Débat final, lors du colloque « Quelles institutions pour demain ? » du mercredi 22 septembre 2021
Les interventions étaient passionnantes.
Je voudrais seulement vous interpeller sur un élément de l’intervention de Bertrand Mathieu sur le débat démocratique : libéralisme, illibéralisme, pouvoir du juge, pouvoir du politique, équilibre entre sphères nationale et européenne.

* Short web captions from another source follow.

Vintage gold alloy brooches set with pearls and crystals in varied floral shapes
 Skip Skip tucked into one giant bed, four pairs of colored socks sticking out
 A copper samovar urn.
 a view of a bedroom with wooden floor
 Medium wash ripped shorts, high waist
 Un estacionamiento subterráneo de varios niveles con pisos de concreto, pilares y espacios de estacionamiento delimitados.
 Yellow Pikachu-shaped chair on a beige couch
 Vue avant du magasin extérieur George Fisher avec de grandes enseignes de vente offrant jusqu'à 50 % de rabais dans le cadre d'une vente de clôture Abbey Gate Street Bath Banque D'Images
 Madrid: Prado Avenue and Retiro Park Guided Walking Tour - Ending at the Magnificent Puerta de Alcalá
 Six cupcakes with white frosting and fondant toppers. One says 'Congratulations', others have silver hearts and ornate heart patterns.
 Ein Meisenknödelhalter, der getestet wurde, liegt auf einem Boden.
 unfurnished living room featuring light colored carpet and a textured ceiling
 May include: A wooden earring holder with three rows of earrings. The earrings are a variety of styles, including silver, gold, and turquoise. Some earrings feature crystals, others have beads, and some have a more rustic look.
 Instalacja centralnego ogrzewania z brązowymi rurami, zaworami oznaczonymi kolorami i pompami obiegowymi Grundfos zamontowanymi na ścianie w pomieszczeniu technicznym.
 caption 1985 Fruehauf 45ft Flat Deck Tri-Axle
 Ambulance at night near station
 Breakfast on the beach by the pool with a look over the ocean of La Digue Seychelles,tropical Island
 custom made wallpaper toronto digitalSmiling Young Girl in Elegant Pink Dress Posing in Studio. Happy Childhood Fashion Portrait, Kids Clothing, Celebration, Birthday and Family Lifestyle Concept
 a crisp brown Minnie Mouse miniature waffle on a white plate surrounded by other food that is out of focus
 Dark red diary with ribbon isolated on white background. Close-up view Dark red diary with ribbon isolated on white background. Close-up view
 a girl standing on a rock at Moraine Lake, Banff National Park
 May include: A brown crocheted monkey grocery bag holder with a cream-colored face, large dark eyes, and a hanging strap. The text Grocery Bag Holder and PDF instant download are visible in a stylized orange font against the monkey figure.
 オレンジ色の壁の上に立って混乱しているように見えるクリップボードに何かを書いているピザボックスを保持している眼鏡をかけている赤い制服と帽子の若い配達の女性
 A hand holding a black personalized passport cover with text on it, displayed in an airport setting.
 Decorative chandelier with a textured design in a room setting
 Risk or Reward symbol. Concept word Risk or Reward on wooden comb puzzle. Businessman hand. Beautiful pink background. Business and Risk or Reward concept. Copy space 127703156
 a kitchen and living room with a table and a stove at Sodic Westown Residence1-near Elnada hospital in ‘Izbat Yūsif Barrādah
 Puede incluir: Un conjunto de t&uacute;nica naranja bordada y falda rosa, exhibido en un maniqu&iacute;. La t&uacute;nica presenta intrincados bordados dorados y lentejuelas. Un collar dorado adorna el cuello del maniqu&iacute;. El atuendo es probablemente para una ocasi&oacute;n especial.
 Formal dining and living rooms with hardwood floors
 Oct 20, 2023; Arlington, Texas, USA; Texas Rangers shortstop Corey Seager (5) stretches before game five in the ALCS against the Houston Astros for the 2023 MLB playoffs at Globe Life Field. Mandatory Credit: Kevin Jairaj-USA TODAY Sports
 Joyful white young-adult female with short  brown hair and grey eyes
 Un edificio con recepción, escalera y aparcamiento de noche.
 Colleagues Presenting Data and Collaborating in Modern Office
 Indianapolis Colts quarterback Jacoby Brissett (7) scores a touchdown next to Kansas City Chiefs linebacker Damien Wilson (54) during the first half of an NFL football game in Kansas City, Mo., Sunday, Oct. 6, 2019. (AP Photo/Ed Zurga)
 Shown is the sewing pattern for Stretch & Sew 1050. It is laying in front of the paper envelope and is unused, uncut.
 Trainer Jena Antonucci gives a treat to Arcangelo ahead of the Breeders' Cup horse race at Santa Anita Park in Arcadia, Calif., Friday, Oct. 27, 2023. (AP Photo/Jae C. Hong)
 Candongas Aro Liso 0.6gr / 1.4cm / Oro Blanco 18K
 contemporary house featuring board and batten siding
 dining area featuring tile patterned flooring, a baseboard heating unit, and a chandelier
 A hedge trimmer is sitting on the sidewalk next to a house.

Vous imputez ce processus de dessaisissement qui affaiblit la démocratie à l’« illibéralisme ». Ne faut-il pas y voir un effet du néolibéralisme ? En écho avec ce qu’écrit Alain Supiot (qui est souvent intervenu à la Fondation Res Publica) dans La gouvernance par les nombres [1], je pense que le néolibéralisme est au fond l’idée que la globalisation pourrait faire prévaloir l’efficace du chiffre, du nombre, l’efficace juridique, l’efficace financière, numérique sur les us et coutumes de chacun des peuples. En un mot, le cours des choses et de l’Histoire ne serait plus le prolongement des échanges entre des peuples qui articulent chacun différemment le bon, le juste et l’efficace mais la résultante d’un efficace commercial, juridique, numérique, économique, qui emballerait les marchés contre le gouvernement des Hommes. Une administration juridique, des choses, heurterait, bousculerait les cohérences imaginaires de chacun des peuples au point que, au bout d’un certain temps, ces peuples refuseraient ce mode d’administration. D’où ce qu’on appelle l’illibéralisme qui est plutôt un « illinéolibéralisme ». Alain Supiot rappelait que dès les Lumières ce débat opposait Condorcet et Montesquieu, ce qui fait qu’il y a des néolibéraux de gauche comme de droite. Quand Condorcet, au nom du Progrès, conteste la version – libérale selon moi – de Montesquieu qui invoque les us et coutumes des peuples à respecter, il est porteur d’une conception néolibérale, certes progressiste, certes de gauche, mais qui déconnecte l’efficace du bon et du juste. Pour moi le néolibéralisme est l’inverse du libéralisme et suscite en réaction ce qui à tort est appelé communément l’illibéralisme.
Bertrand Mathieu
Merci beaucoup pour cette remarque tout à fait essentielle.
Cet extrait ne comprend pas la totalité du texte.